Growth, development, and career advancement may sound like trendy buzz-words but they can have a true impact on retention. However, there is only one way to effectively implement an approach to employee development. To start, define what growth, development, and career advancement mean in your organization. Do your high performers consider promotion and pay increases adequate definitions or are traditional training and skills development enough? Get a sense of what they want and expect by having discussions with them.
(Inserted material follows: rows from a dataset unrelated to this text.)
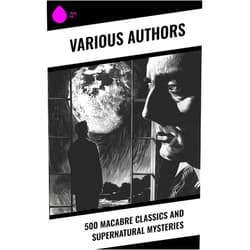 By Wilhelm Hauff (Author), Charles Dickens (Author), Mark Twain (Author), Harriet Beecher Stowe (Author), Oscar Wilde (Author), Robert Louis Stevenson (Author), Edgar Allan Poe (Author), William Hope Hodgson (Author), Joseph Sheridan Le Fanu (Author), John Buchan (Author), Louis Tracy (Author), Bram Stoker (Author), Henry James (Author), Théophile Gautier (Author), Arthur Conan Doyle (Author), Algernon Blackwood (Author), John Meade Falkner (Author), Guy de Maupassant (Author), Thomas Hardy (Author), Daniel Defoe (Author), John Kendrick Bangs (Author), Cleveland Moffett (Author), Rudyard Kipling (Author), Ambrose Bierce (Author), Frederick Marryat (Author), Washington Irving (Author), Nathaniel Hawthorne (Author), Grant Allen (Author), Arthur Machen (Author), Wilkie Collins (Author), Saki (Author), William Makepeace Thackeray (Author), Thomas Peckett Prest (Author), James Malcolm Rymer (Author), Walter Hubbell (Author), Charlotte Perkins Gilman (Author), Richard Marsh (Author), Catherine Crowe (Author), H. G. Wells (Author), Robert W. Chambers (Author), W. W. Jacobs (Author), E. F. Benson (Author), Jerome K. Jerome (Author), M. R. James (Author), E. T. A. Hoffmann (Author), H. P. Lovecraft (Author), Robert E. Howard (Author), Edith Nesbit (Author), Sabine Baring-Gould (Author), Francis Marion Crawford (Author), Mary Elizabeth Braddon (Author), Mary Louisa Molesworth (Author), Mary E. Wilkins Freeman (Author), Nikolai Gogol (Author), Mary Shelley (Author), Elizabeth Gaskell (Author), Gertrude Atherton (Author), Edward Bulwer-Lytton (Author), Louisa M. Alcott (Author), Amelia B. Edwards (Author), Fitz-James O'Brien (Author), Émile Erckmann (Author), Alexandre Chatrian (Author), Pedro De Alarçon (Author), J. K. Huysmans (Author), Thomas De Quincey (Author) & 62 more Format: Kindle Edition 500 Macabre Classics and Supernatural Mysteries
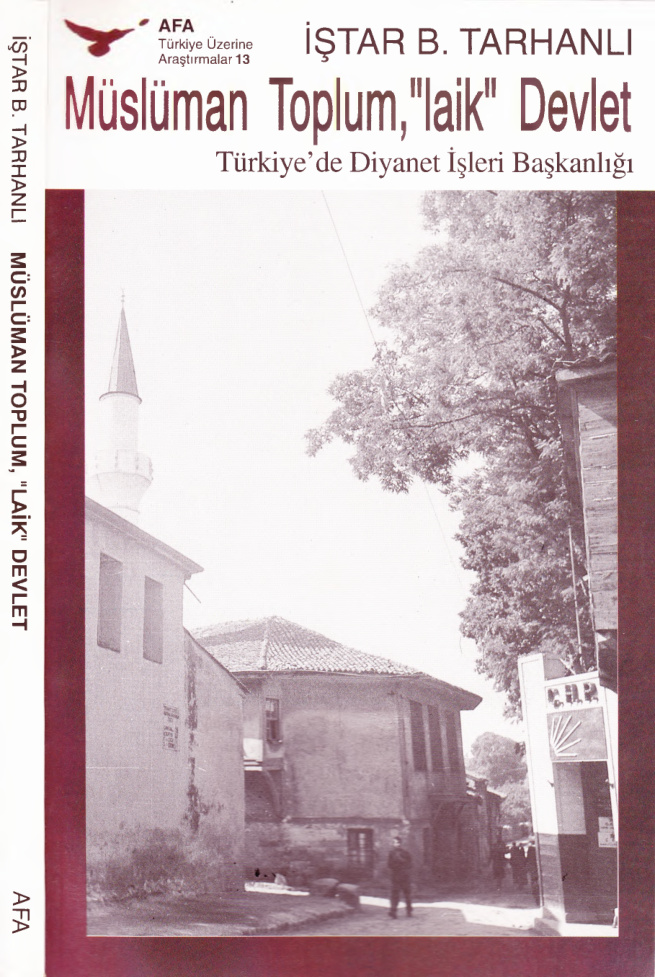 Müslüman Toplum Laik Devlet PDF İndir – İştar B. Tarhanlı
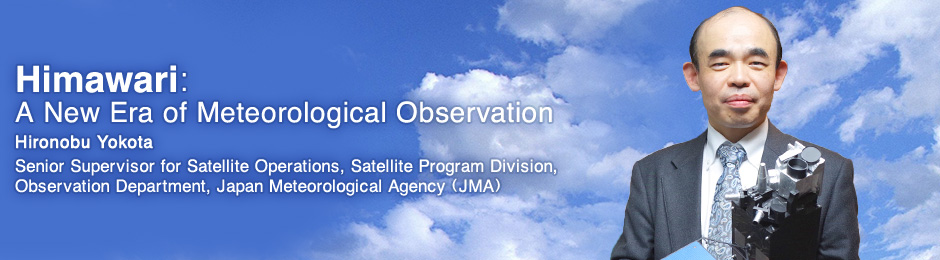 Himawari: A New Era of Meteorological Observation Hironobu YokotaSenior Supervisor for Satellite Operations, Satellite Program Division, Observation Department, Japan Meteorological Agency (JMA)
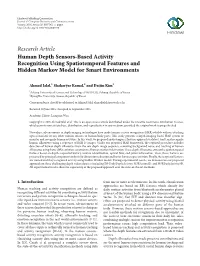 Research Article Human Depth Sensors-Based Activity Recognition Using Spatiotemporal Features and Hidden Markov Model for Smart Environments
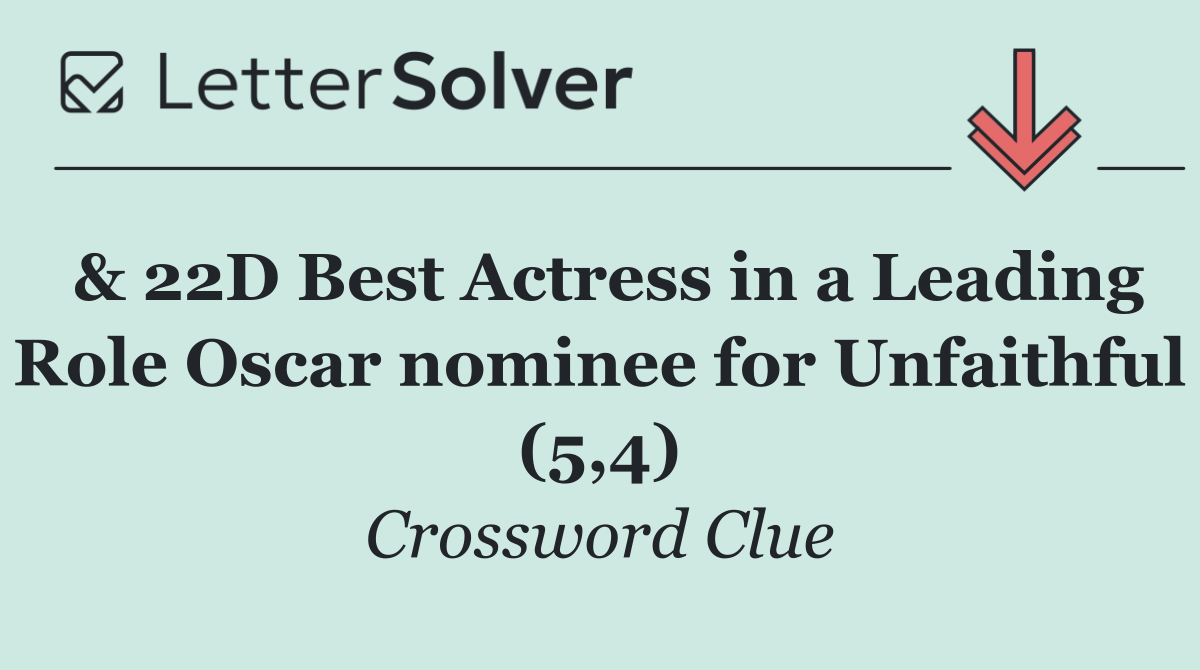 & 22D Best Actress in a Leading Role Oscar nominee for Unfaithful (5,4)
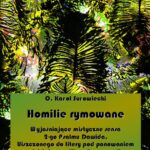 Tytuł: Homilie rymowane
Autor: Karol Surowiecki
Wydawnictwo: Armoryka
Formaty: EPUB, MOBI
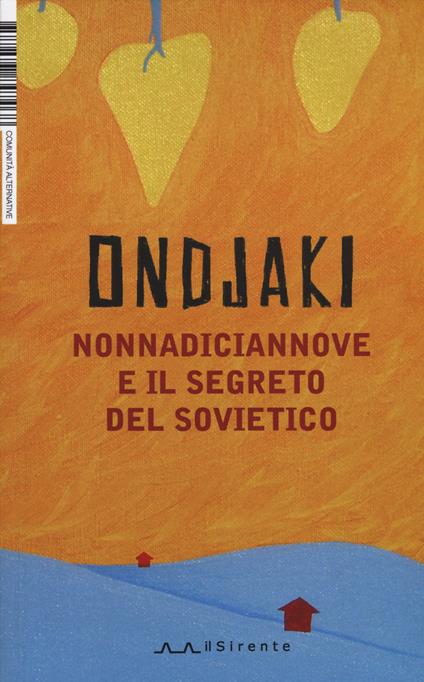 NonnaDiciannove e il segreto del sovietico - Ondjaki - copertina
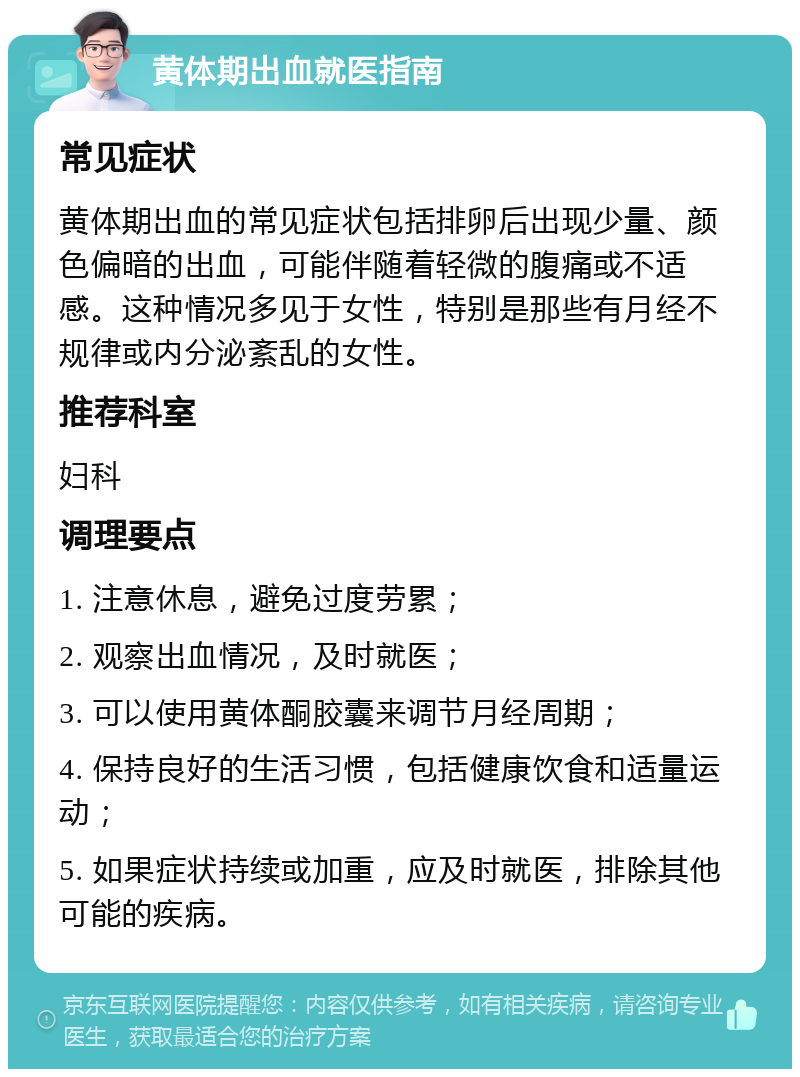 黄体期出血就医指南 常见症状 黄体期出血的常见症状包括排卵后出现少量、颜色偏暗的出血，可能伴随着轻微的腹痛或不适感。这种情况多见于女性，特别是那些有月经不规律或内分泌紊乱的女性。 推荐科室 妇科 调理要点 1. 注意休息，避免过度劳累； 2. 观察出血情况，及时就医； 3. 可以使用黄体酮胶囊来调节月经周期； 4. 保持良好的生活习惯，包括健康饮食和适量运动； 5. 如果症状持续或加重，应及时就医，排除其他可能的疾病。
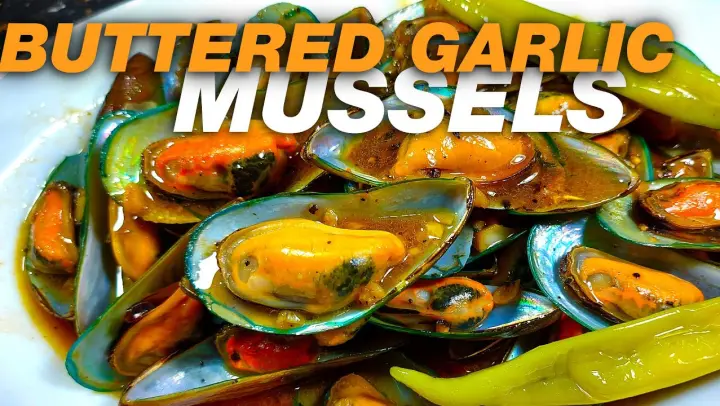 BUTTERED GARLIC MUSSELS | TAHONG IN BUTTER AND GARLIC | BEST EVER LUTONG BAHAY RECIPES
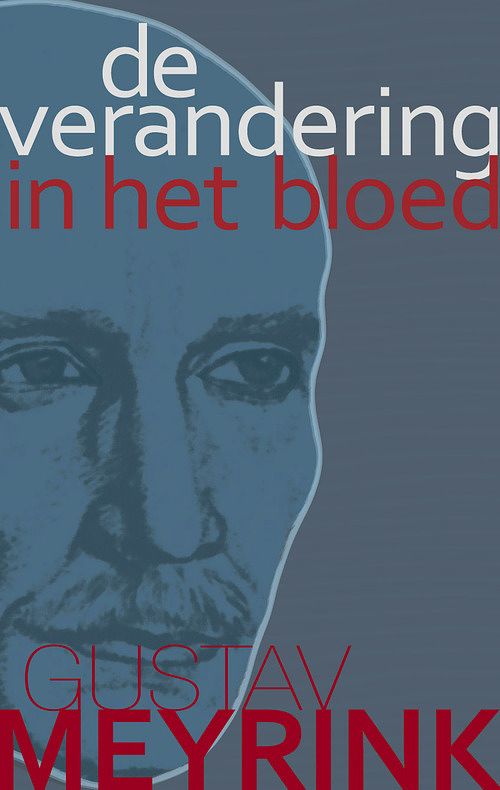 Foto van De verandering in het bloed - gustav meyrink - ebook (9789067326162)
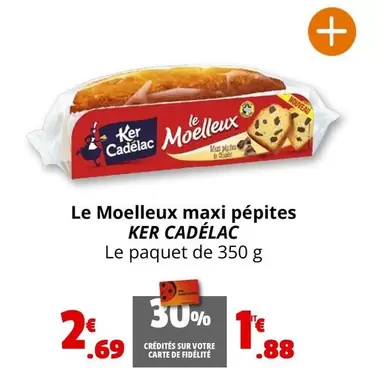 Ker Cadelac - Le Moelleux Maxi Pépites offre à 2,69€ sur Coccinelle Supermarché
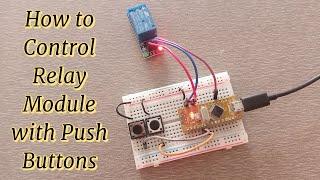 How to Control Relays with Arduino and Push Button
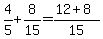 4%2F5%2B8%2F15=%2812%2B8%29%2F15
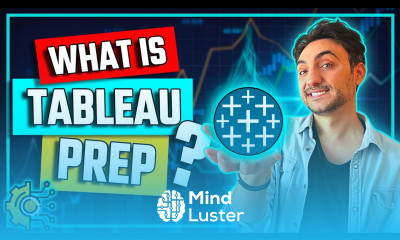 What is Tableau PREP Tableau Course 11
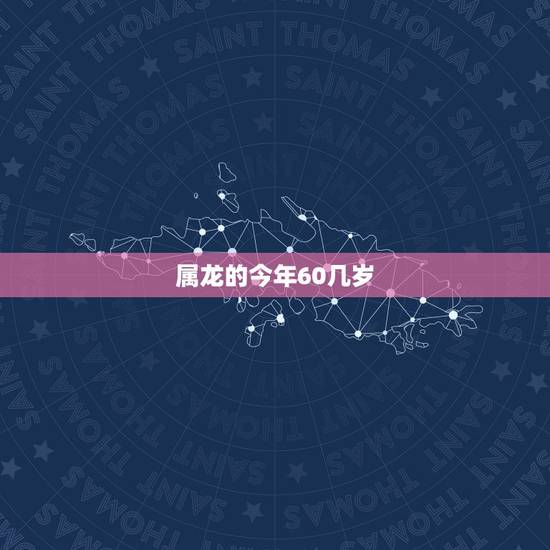 属龙的今年60几岁,2022 年属龙的多大年龄 属龙的今年60几岁,2022 年属龙的多大年龄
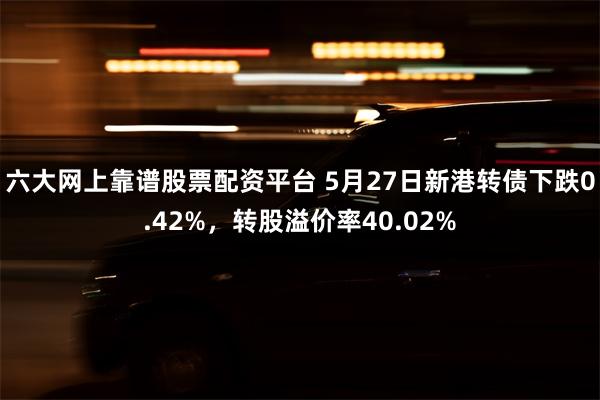 六大网上靠谱股票配资平台 5月27日新港转债下跌0.42%，转股溢价率40.02%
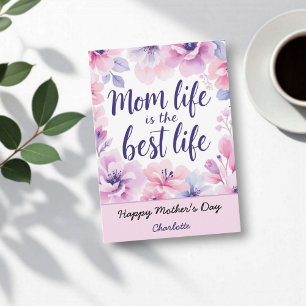 Mom Life Is The Best Life   Floral Mother's Day Card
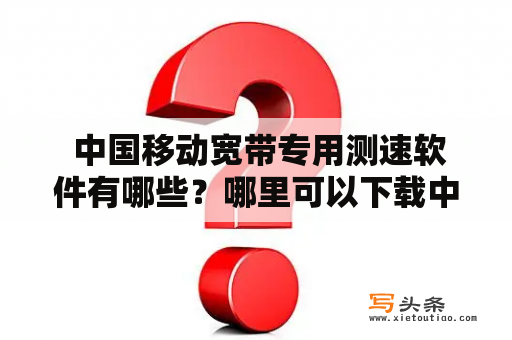  中国移动宽带专用测速软件有哪些？哪里可以下载中国移动宽带专用测速软件？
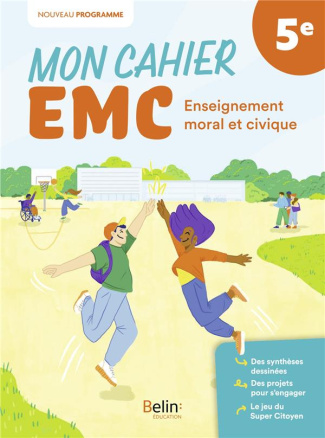 Mon cahier EMC Enseignement moral et civique 5e. Edition 2024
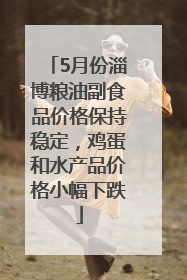 5月份淄博粮油副食品价格保持稳定，鸡蛋和水产品价格小幅下跌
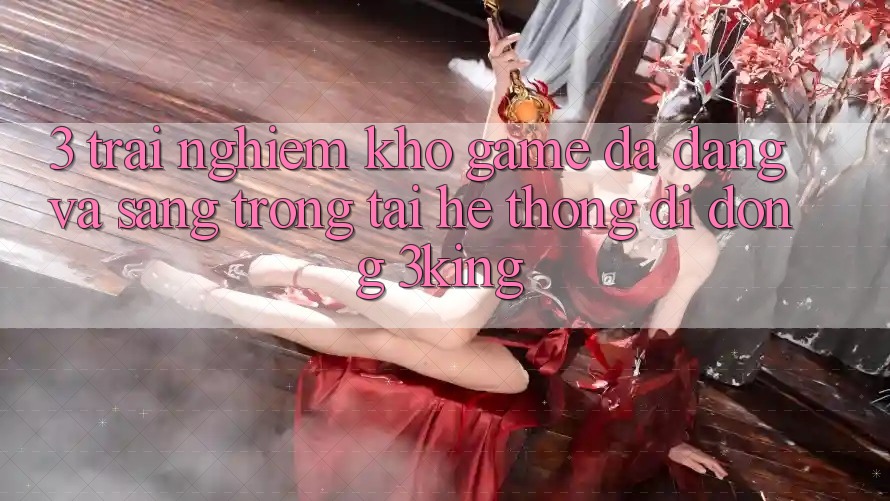 3. Trải nghiệm Kho Game Đa Dạng Và Sang trọng Tại Hệ thống di động 3king 3. Trải nghiệm Kho Game Đa Dạng Và Sang trọng Tại Hệ thống di động 3king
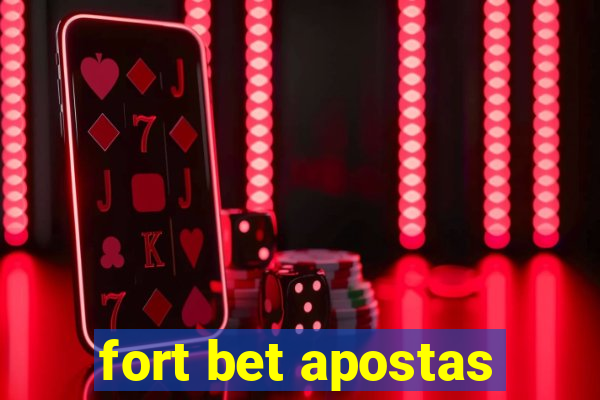 fort bet apostas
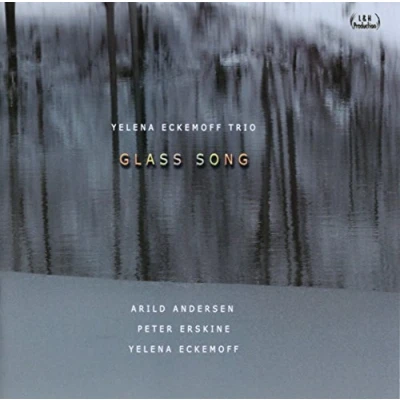 Afbeelding van Yelena Eckemoff Trio Glass Song (CD)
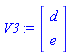 V3 := Vector(2, {(1) = d, (2) = e})
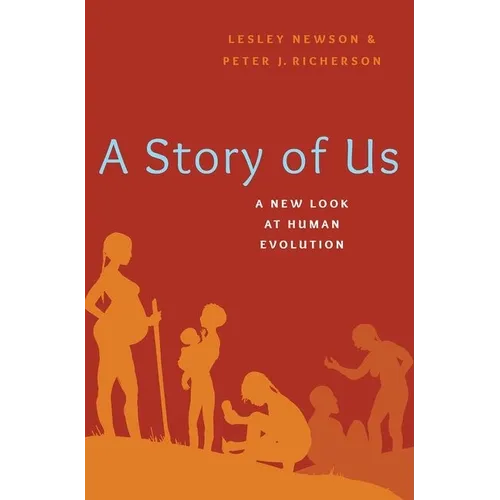 A Story of Us: A New Look at Human Evolution - Hardcover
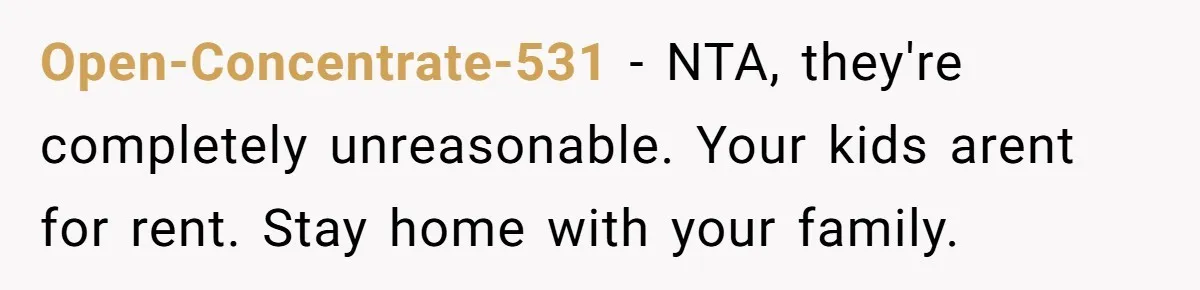 Open-Concentrate-531 − NTA, they're completely unreasonable. Your kids arent for rent. Stay home with your family.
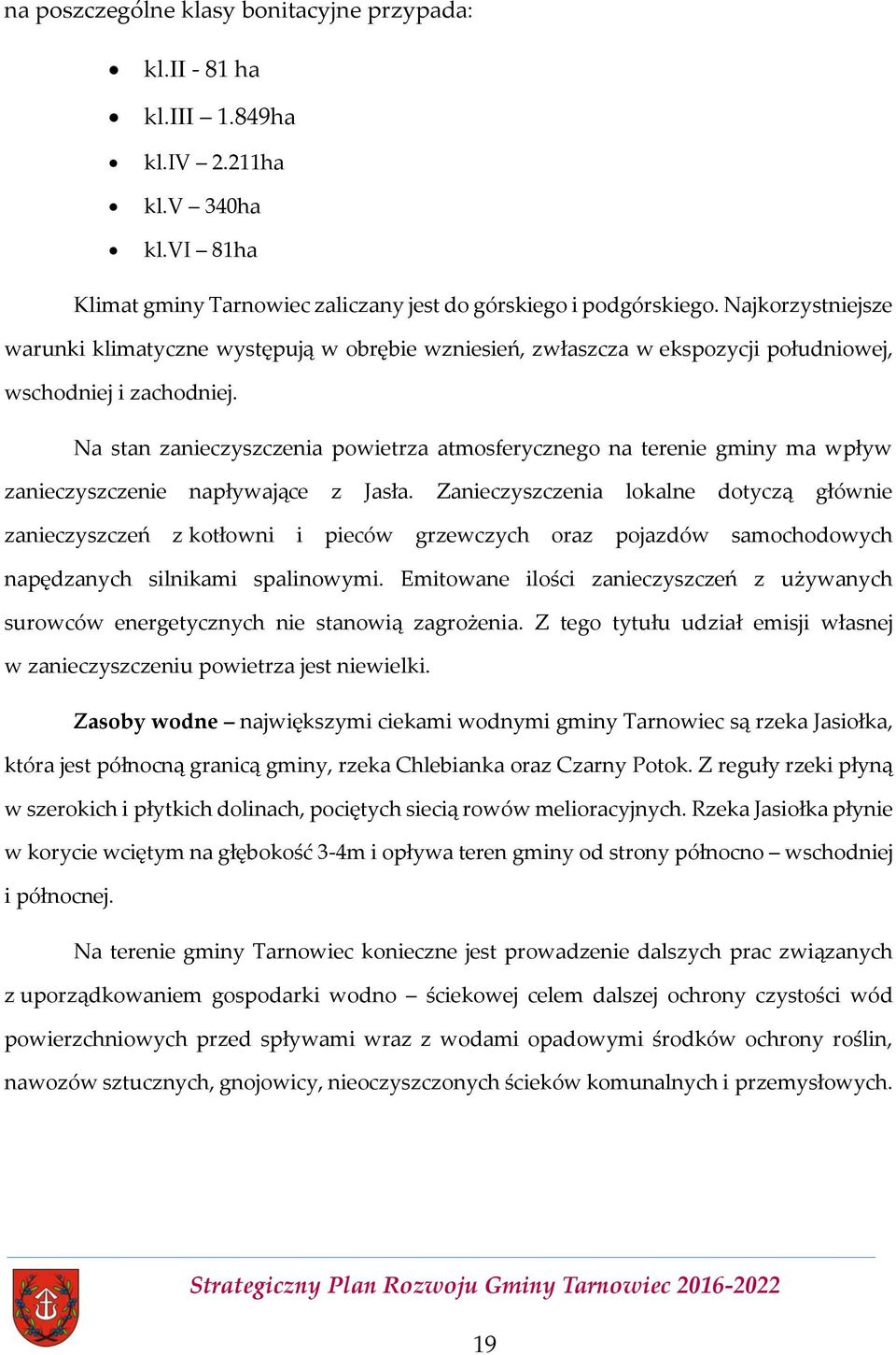 Na stan zanieczyszczenia powietrza atmosferycznego na terenie gminy ma wpływ zanieczyszczenie napływające z Jasła.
Addressing Growth, Development, Career Advancement
Providing promotions and pay increases is not a realistic or sustainable way to address the issue. Most businesses have an organizational hierarchy that narrows at the top and have limited resources for elaborate programs. If you find yourself in this situation, the best action is to explore the development needs, stay flexible, and learn as you go.
Here are a few tips:
Hopefully, your high potential and high performers have communicated their future goals to you. It’s likely that education and training are part of the solution. Let them choose a program that works best for them and they’ll want to stick around because the company is invested in their success. If subsidizing education is out of your reach, consider buying books or sponsoring trips to local conferences. All are great ways to drive their growth and development
This is a practice that I touched on in previous blogs . Mentorship is a great way to connect high performers with senior leadership and management and to connect entry-level employees to high potential employees. Doing so increases the sense of community throughout the organization and increases communication and knowledge transfer.
Job Rotation/Skill Growth
Job rotation and lateral moves are a great way to drive growth and development. This is particularly helpful for individuals in highly specialized roles with low work variation. A lateral move simultaneously allows them to get a breath of fresh air, doing something new to expand their skill set.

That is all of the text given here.